▶ [WHAT IS BEING ASKED] Print exactly what the entries say, line by line, from the first line down to the one with "The Jeans Relaxed", inclusive.

▶ [PROVIDED RECORDS]
====
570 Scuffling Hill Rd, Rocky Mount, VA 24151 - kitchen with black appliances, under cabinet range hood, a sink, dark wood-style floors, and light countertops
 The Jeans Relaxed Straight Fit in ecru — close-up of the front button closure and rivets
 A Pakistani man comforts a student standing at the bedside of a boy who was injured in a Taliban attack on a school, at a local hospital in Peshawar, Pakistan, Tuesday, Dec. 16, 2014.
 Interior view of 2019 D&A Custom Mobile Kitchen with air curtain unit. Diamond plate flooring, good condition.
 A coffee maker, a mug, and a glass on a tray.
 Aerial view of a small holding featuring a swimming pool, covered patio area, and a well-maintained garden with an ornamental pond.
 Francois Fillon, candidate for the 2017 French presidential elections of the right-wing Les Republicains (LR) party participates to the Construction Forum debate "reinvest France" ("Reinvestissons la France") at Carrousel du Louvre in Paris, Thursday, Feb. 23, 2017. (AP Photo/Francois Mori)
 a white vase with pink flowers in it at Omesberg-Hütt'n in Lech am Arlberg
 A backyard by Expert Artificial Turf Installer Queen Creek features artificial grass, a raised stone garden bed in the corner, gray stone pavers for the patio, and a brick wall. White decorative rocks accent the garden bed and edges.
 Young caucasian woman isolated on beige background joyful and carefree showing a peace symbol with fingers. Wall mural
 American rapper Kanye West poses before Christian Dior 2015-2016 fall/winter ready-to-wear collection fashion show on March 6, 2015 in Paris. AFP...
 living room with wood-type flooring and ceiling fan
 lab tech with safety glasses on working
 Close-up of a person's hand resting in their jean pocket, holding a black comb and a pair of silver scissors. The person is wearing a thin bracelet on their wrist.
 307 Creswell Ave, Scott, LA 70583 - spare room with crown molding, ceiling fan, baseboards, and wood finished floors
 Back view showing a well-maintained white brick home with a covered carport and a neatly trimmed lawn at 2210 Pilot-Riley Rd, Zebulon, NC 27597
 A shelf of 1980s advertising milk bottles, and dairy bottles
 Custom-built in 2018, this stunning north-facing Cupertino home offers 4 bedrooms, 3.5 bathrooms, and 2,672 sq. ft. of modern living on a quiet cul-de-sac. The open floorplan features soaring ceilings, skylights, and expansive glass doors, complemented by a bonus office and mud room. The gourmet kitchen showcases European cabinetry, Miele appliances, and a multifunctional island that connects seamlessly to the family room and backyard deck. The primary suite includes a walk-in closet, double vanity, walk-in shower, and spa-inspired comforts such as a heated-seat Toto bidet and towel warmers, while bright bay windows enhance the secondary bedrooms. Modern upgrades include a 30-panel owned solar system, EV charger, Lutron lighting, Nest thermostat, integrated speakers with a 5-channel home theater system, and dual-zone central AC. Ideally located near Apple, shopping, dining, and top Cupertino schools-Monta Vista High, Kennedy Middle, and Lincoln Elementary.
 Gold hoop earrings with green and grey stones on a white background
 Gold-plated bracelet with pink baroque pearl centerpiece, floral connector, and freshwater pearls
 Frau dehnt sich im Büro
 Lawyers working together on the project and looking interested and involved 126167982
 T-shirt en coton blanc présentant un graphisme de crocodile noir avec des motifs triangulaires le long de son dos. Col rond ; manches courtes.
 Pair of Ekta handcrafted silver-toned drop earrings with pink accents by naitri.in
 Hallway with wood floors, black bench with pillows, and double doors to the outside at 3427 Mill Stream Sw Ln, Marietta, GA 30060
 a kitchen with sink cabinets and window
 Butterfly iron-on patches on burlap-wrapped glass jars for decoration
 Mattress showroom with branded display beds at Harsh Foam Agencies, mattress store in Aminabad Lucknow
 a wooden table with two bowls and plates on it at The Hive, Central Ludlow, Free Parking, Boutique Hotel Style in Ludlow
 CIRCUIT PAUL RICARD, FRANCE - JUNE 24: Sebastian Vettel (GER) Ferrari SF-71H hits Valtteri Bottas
====
▶ [RESPONSE]
570 Scuffling Hill Rd, Rocky Mount, VA 24151 - kitchen with black appliances, under cabinet range hood, a sink, dark wood-style floors, and light countertops
 The Jeans Relaxed Straight Fit in ecru — close-up of the front button closure and rivets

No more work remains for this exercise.